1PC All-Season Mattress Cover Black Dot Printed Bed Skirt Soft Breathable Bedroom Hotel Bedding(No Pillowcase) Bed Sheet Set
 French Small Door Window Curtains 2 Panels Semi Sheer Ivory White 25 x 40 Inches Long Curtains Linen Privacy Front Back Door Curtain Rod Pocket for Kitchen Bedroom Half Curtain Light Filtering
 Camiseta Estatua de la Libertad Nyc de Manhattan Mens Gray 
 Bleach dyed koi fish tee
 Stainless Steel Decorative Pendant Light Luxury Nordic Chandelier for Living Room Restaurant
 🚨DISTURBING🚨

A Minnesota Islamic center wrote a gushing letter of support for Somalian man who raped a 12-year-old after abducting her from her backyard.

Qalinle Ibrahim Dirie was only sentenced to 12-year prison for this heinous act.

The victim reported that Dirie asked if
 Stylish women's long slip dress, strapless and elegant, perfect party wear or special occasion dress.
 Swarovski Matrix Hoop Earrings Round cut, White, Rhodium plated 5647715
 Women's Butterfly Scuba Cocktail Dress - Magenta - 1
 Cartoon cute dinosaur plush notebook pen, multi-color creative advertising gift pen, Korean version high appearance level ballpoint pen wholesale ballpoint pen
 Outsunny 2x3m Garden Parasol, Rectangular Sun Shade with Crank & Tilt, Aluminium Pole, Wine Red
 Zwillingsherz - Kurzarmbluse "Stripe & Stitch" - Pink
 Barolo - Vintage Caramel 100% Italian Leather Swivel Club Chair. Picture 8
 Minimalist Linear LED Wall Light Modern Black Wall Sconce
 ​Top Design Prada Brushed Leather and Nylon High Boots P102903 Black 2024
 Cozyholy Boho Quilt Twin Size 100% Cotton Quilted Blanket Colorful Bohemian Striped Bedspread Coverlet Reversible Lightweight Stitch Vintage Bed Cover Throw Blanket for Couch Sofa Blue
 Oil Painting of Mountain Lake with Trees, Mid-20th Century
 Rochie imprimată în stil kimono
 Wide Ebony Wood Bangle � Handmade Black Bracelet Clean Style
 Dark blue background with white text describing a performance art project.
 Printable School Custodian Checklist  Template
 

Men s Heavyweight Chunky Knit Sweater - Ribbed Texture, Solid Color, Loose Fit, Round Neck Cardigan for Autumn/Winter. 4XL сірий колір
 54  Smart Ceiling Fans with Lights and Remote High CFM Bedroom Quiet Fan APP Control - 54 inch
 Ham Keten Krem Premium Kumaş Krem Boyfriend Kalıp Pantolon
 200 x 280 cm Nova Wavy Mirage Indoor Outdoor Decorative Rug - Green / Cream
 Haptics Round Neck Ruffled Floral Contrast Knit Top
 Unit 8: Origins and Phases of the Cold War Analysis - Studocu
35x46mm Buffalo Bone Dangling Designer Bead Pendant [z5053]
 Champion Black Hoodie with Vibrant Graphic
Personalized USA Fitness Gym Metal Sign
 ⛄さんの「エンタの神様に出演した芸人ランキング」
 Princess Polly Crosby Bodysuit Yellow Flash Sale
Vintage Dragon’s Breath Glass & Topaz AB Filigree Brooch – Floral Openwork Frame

WHAT IS NEEDED: Recopy the records without any alteration.

FINISHED TASK:
1PC All-Season Mattress Cover Black Dot Printed Bed Skirt Soft Breathable Bedroom Hotel Bedding(No Pillowcase) Bed Sheet Set
 French Small Door Window Curtains 2 Panels Semi Sheer Ivory White 25 x 40 Inches Long Curtains Linen Privacy Front Back Door Curtain Rod Pocket for Kitchen Bedroom Half Curtain Light Filtering
 Camiseta Estatua de la Libertad Nyc de Manhattan Mens Gray 
 Bleach dyed koi fish tee
 Stainless Steel Decorative Pendant Light Luxury Nordic Chandelier for Living Room Restaurant
 🚨DISTURBING🚨

A Minnesota Islamic center wrote a gushing letter of support for Somalian man who raped a 12-year-old after abducting her from her backyard.

Qalinle Ibrahim Dirie was only sentenced to 12-year prison for this heinous act.

The victim reported that Dirie asked if
 Stylish women's long slip dress, strapless and elegant, perfect party wear or special occasion dress.
 Swarovski Matrix Hoop Earrings Round cut, White, Rhodium plated 5647715
 Women's Butterfly Scuba Cocktail Dress - Magenta - 1
 Cartoon cute dinosaur plush notebook pen, multi-color creative advertising gift pen, Korean version high appearance level ballpoint pen wholesale ballpoint pen
 Outsunny 2x3m Garden Parasol, Rectangular Sun Shade with Crank & Tilt, Aluminium Pole, Wine Red
 Zwillingsherz - Kurzarmbluse "Stripe & Stitch" - Pink
 Barolo - Vintage Caramel 100% Italian Leather Swivel Club Chair. Picture 8
 Minimalist Linear LED Wall Light Modern Black Wall Sconce
 ​Top Design Prada Brushed Leather and Nylon High Boots P102903 Black 2024
 Cozyholy Boho Quilt Twin Size 100% Cotton Quilted Blanket Colorful Bohemian Striped Bedspread Coverlet Reversible Lightweight Stitch Vintage Bed Cover Throw Blanket for Couch Sofa Blue
 Oil Painting of Mountain Lake with Trees, Mid-20th Century
 Rochie imprimată în stil kimono
 Wide Ebony Wood Bangle � Handmade Black Bracelet Clean Style
 Dark blue background with white text describing a performance art project.
 Printable School Custodian Checklist  Template
 

Men s Heavyweight Chunky Knit Sweater - Ribbed Texture, Solid Color, Loose Fit, Round Neck Cardigan for Autumn/Winter. 4XL сірий колір
 54  Smart Ceiling Fans with Lights and Remote High CFM Bedroom Quiet Fan APP Control - 54 inch
 Ham Keten Krem Premium Kumaş Krem Boyfriend Kalıp Pantolon
 200 x 280 cm Nova Wavy Mirage Indoor Outdoor Decorative Rug - Green / Cream
 Haptics Round Neck Ruffled Floral Contrast Knit Top
 Unit 8: Origins and Phases of the Cold War Analysis - Studocu
35x46mm Buffalo Bone Dangling Designer Bead Pendant [z5053]
 Champion Black Hoodie with Vibrant Graphic
Personalized USA Fitness Gym Metal Sign
 ⛄さんの「エンタの神様に出演した芸人ランキング」
 Princess Polly Crosby Bodysuit Yellow Flash Sale
Vintage Dragon’s Breath Glass & Topaz AB Filigree Brooch – Floral Openwork Frame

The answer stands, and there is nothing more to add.